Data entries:
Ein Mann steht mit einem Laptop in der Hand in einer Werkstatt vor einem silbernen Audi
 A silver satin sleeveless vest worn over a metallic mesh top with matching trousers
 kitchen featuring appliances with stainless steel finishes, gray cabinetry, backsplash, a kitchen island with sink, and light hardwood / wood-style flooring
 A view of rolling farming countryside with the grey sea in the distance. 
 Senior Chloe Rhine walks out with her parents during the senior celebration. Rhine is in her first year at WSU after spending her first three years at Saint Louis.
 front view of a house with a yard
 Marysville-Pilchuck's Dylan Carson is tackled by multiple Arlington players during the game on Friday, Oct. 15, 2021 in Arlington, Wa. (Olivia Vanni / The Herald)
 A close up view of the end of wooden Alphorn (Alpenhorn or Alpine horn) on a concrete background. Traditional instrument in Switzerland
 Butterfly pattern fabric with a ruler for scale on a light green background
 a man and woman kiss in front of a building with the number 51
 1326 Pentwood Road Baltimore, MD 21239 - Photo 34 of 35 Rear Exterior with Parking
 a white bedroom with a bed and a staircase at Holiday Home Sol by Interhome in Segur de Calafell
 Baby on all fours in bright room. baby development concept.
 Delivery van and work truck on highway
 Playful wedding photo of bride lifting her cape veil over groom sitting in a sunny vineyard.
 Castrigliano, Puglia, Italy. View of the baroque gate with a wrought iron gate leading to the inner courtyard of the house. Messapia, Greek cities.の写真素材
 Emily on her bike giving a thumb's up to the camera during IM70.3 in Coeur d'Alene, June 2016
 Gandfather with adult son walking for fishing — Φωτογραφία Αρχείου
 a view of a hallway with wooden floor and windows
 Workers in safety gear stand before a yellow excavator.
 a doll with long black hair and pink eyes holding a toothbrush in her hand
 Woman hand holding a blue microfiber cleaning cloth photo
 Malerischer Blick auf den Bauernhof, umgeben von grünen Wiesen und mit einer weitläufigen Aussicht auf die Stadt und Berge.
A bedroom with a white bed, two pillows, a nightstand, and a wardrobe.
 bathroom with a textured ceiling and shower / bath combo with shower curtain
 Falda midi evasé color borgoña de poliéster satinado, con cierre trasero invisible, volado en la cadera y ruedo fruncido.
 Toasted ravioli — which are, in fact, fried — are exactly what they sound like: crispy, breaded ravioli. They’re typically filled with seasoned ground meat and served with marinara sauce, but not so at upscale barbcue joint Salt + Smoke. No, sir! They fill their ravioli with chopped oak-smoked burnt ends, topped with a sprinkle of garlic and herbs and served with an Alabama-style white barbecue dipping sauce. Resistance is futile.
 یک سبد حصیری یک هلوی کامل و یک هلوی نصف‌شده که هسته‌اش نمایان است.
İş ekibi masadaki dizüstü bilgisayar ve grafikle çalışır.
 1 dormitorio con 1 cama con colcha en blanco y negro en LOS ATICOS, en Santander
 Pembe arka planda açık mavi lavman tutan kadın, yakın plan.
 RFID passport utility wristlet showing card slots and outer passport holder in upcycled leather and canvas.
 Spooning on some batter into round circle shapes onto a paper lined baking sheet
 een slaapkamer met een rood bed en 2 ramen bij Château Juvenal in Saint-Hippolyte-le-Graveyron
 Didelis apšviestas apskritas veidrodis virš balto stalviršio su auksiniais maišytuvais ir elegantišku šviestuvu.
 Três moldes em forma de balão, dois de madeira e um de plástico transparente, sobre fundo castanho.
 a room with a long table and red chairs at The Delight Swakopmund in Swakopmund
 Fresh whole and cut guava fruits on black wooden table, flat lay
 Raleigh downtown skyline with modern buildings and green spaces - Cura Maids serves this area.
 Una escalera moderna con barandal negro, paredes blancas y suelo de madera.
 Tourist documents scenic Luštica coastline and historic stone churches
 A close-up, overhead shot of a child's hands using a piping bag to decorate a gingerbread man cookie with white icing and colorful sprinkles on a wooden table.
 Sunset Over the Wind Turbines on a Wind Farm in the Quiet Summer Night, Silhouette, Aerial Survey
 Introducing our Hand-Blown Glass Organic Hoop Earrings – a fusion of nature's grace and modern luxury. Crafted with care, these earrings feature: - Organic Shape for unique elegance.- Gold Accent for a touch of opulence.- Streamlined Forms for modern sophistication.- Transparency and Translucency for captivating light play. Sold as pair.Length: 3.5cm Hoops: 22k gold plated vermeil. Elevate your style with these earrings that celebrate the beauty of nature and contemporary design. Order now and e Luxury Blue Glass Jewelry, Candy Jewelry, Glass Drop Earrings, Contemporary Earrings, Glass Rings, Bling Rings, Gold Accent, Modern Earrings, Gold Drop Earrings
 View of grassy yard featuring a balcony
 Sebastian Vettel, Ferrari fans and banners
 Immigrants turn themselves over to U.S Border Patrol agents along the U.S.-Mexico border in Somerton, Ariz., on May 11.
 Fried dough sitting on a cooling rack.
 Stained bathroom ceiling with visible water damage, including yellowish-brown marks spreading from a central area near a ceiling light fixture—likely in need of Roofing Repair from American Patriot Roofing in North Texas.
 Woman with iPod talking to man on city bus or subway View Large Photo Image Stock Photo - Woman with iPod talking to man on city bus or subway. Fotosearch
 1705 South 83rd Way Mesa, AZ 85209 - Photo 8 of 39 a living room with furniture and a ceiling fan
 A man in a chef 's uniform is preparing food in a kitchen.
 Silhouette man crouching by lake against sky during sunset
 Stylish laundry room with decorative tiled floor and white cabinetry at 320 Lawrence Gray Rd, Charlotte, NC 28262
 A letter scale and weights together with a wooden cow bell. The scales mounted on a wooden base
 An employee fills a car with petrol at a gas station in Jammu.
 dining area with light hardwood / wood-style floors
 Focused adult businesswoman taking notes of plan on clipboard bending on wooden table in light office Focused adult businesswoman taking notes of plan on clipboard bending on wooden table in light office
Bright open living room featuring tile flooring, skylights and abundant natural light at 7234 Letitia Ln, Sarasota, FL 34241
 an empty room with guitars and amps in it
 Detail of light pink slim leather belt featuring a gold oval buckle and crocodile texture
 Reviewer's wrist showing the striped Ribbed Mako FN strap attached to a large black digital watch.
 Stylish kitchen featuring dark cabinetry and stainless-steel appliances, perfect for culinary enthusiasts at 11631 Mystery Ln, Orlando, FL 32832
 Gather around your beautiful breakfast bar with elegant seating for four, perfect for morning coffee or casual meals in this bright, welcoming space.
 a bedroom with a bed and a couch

PROBLEM DETAILS: Among the entries above, locate the lines containing "an empty room with guitars and amps in it" and "Reviewer's wrist showing", and transcribe exactly those two lines and all lines between.

SOLUTION BELOW:
 an empty room with guitars and amps in it
 Detail of light pink slim leather belt featuring a gold oval buckle and crocodile texture
 Reviewer's wrist showing the striped Ribbed Mako FN strap attached to a large black digital watch.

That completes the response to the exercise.